What needs reproducing is the run of lines in the data below starting at the line with "Sunroom / solarium" and ending at the line with "bathroom with vanity, tile", both ends included. Copy it exactly, without pictures, and add nothing.

TASK INPUT:

★ ★ ★ ★ ★ ★ ★

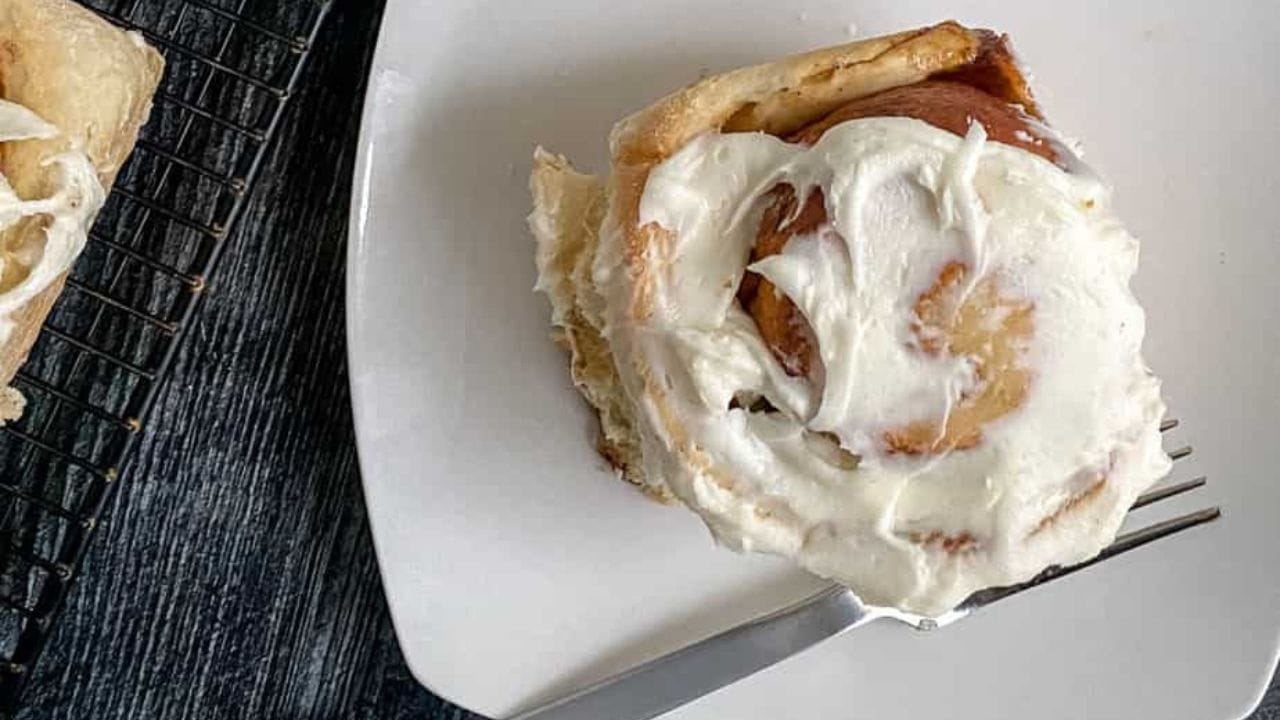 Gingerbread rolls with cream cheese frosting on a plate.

★ ★ ★ ★ ★ ★ ★

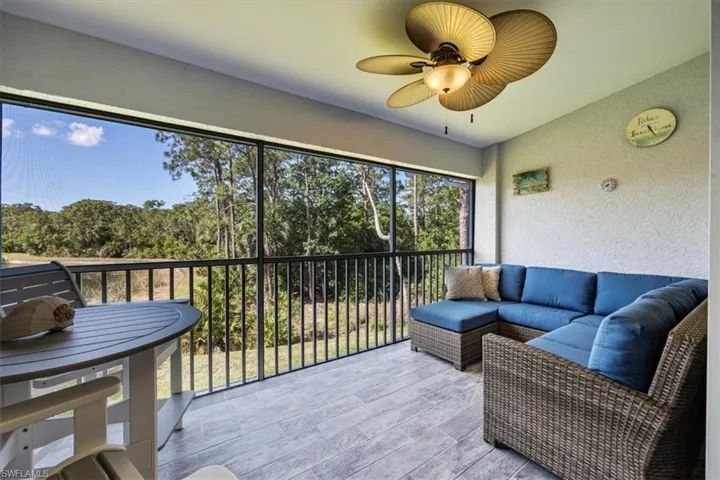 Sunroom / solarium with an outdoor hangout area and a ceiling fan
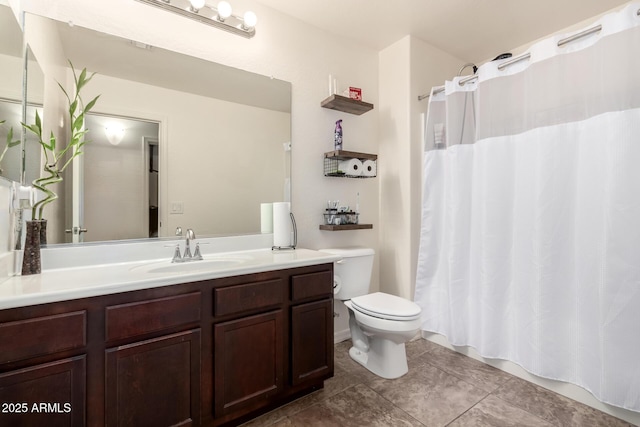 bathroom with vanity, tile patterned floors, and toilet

★ ★ ★ ★ ★ ★ ★

RESULT FOR THIS EXERCISE:
 Sunroom / solarium with an outdoor hangout area and a ceiling fan
 bathroom with vanity, tile patterned floors, and toilet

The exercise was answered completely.